> Required action
Using the records below, give again exactly the lines from the line that contains "Onde oceaniche impetuose" through the line that contains "Global Industrial™ –", both ends included, and only those.
### Data to process ###
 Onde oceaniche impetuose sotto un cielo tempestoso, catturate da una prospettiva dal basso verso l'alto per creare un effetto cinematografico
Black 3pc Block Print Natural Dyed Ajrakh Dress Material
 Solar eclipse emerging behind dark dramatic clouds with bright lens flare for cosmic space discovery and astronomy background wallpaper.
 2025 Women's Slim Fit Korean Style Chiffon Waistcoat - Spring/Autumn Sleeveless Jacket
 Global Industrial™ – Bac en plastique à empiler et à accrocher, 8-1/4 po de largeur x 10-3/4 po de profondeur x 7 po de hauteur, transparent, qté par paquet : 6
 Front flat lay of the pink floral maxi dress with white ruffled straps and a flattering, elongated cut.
###
### Data to process ###
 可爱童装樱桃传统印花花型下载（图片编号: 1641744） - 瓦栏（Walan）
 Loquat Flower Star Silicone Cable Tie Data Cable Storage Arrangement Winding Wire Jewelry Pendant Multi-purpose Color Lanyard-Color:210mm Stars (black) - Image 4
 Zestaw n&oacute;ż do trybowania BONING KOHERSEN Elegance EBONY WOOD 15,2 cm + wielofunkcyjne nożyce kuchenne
###
### Data to process ###
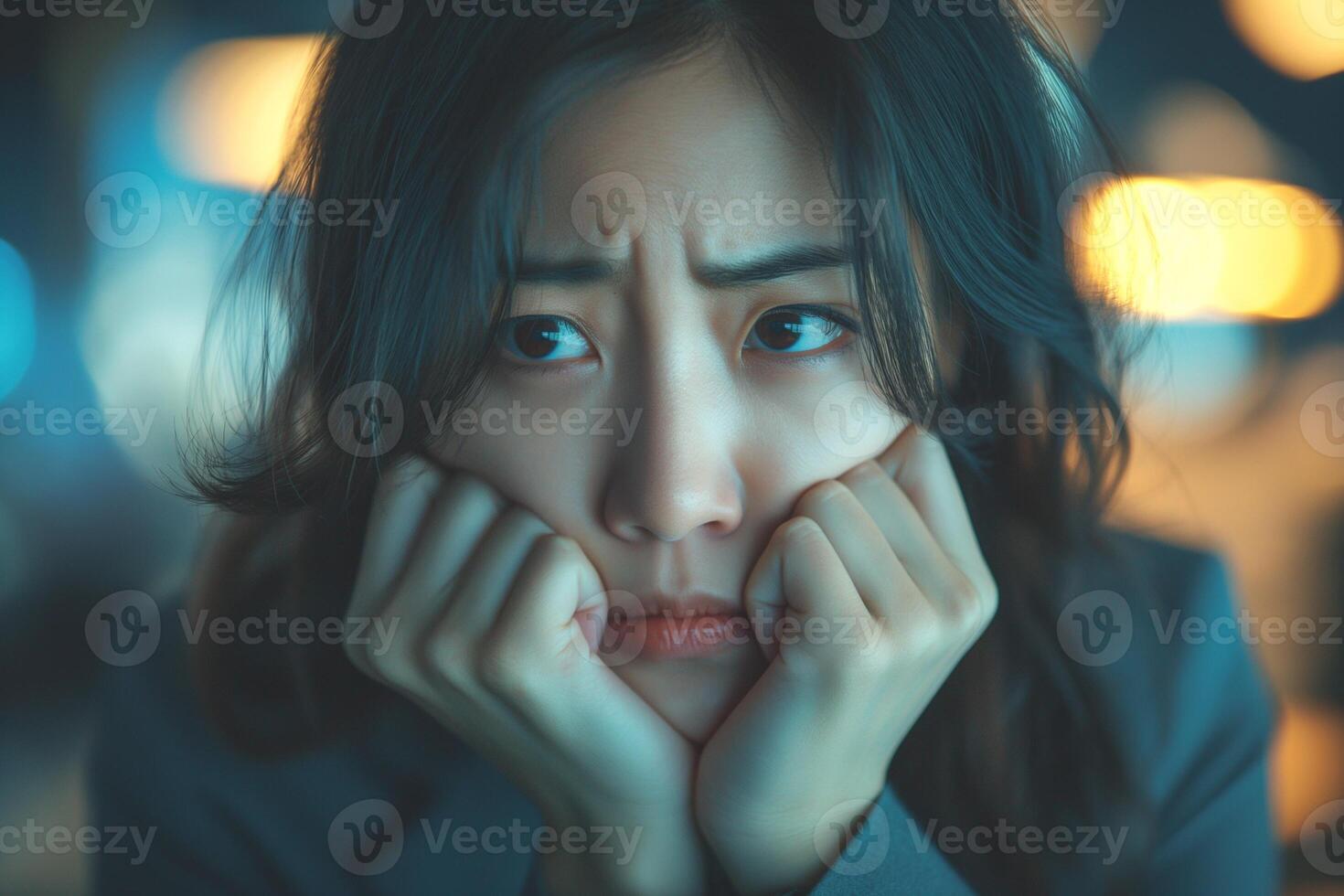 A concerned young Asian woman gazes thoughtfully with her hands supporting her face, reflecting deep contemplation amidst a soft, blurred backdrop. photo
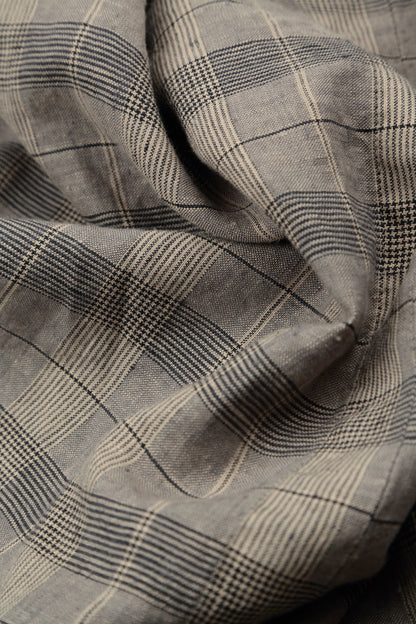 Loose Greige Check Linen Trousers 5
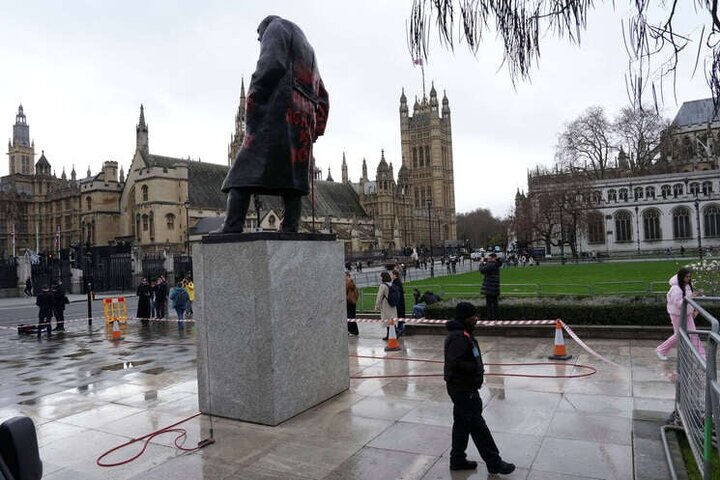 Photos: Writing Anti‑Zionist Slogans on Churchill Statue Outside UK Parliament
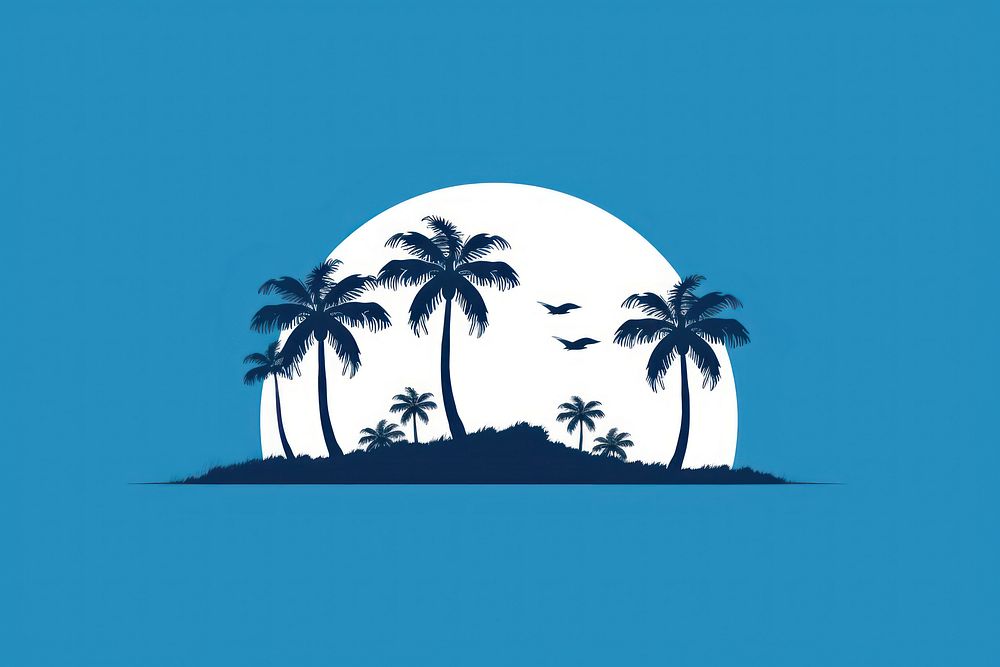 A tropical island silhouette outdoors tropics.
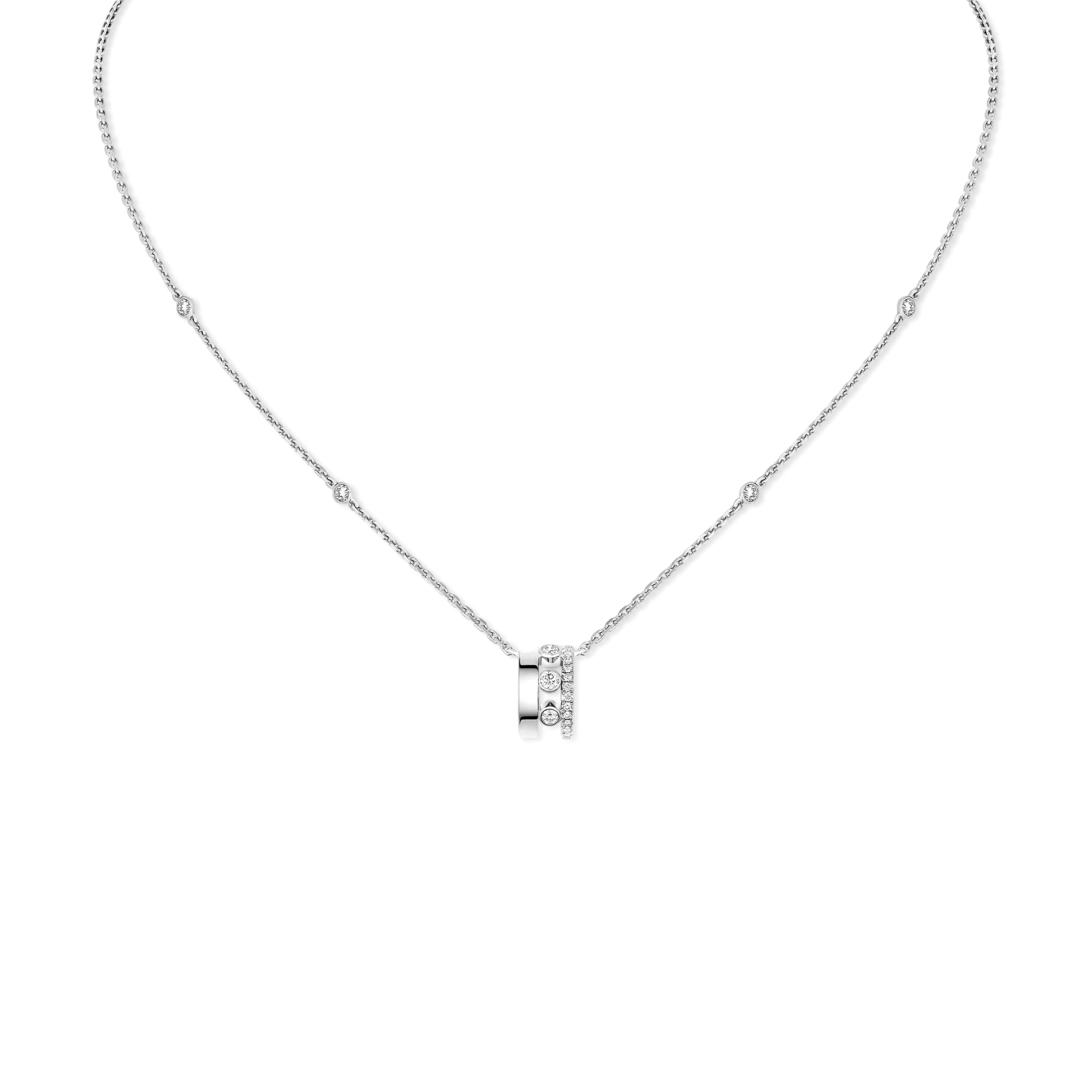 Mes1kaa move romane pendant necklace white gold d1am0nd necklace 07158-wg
###
> Reply
 Onde oceaniche impetuose sotto un cielo tempestoso, catturate da una prospettiva dal basso verso l'alto per creare un effetto cinematografico
Black 3pc Block Print Natural Dyed Ajrakh Dress Material
 Solar eclipse emerging behind dark dramatic clouds with bright lens flare for cosmic space discovery and astronomy background wallpaper.
 2025 Women's Slim Fit Korean Style Chiffon Waistcoat - Spring/Autumn Sleeveless Jacket
 Global Industrial™ – Bac en plastique à empiler et à accrocher, 8-1/4 po de largeur x 10-3/4 po de profondeur x 7 po de hauteur, transparent, qté par paquet : 6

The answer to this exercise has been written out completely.